#### What the task asks:
Look through the data below for the line with "Step number three: Gather" and the line with "I've spent the", then transcribe exactly from the first through the second, leaving out all pictures.

::: Dataset entries

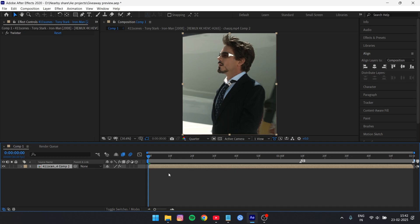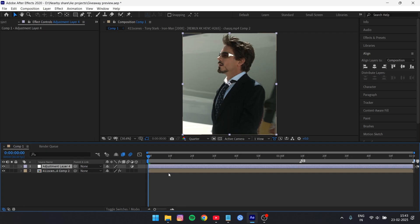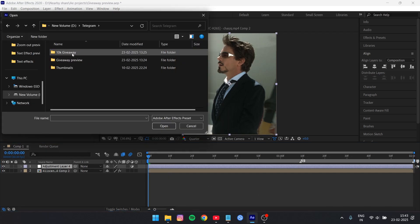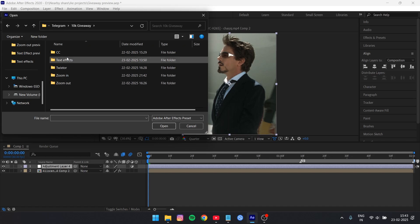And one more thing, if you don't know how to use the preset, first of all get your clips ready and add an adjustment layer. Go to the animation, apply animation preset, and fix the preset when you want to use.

::::::
::: Dataset entries

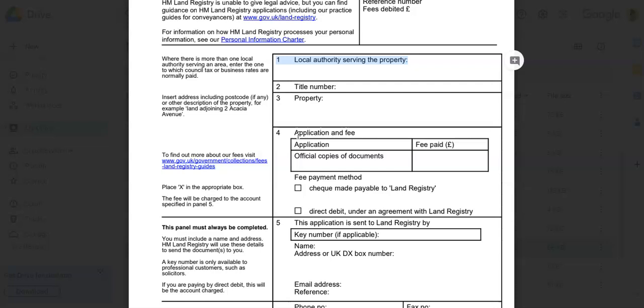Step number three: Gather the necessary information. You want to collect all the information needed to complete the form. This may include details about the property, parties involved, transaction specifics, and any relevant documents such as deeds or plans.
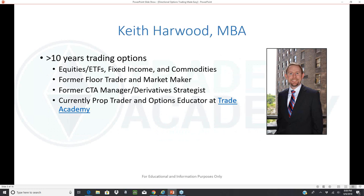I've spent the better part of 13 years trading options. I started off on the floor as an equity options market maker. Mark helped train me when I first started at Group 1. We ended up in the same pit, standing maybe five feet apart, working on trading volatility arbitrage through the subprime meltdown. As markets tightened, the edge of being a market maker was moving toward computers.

::::::
::: Dataset entries

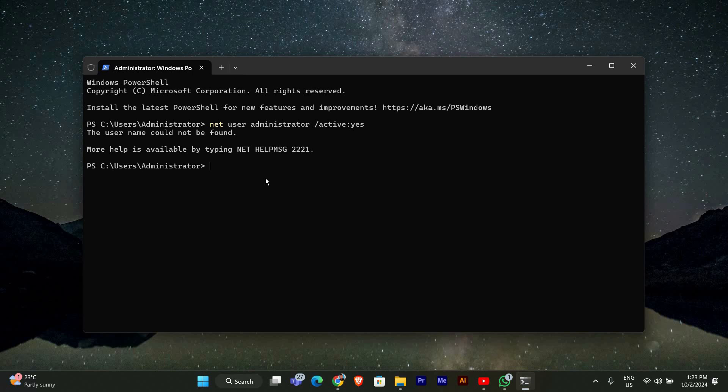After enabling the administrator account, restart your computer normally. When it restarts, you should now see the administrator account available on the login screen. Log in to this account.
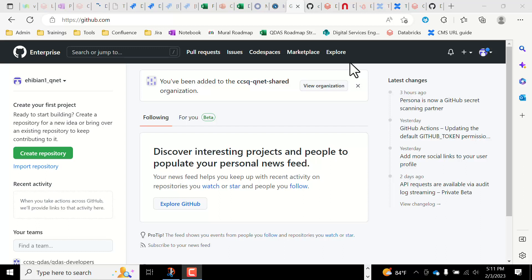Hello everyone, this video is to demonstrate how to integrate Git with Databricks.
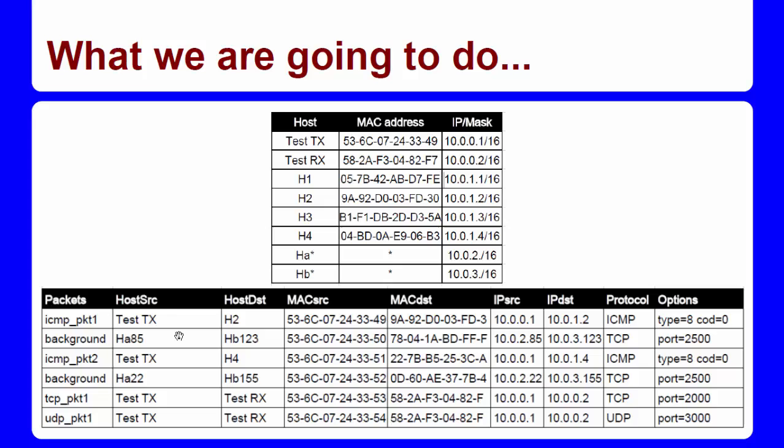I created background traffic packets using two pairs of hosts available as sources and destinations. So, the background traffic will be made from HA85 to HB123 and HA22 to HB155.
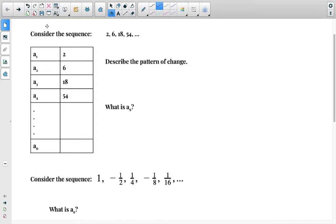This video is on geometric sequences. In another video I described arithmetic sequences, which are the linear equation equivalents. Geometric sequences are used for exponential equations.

::::::

#### Task answer:
Step number three: Gather the necessary information. You want to collect all the information needed to complete the form. This may include details about the property, parties involved, transaction specifics, and any relevant documents such as deeds or plans.
I've spent the better part of 13 years trading options. I started off on the floor as an equity options market maker. Mark helped train me when I first started at Group 1. We ended up in the same pit, standing maybe five feet apart, working on trading volatility arbitrage through the subprime meltdown. As markets tightened, the edge of being a market maker was moving toward computers.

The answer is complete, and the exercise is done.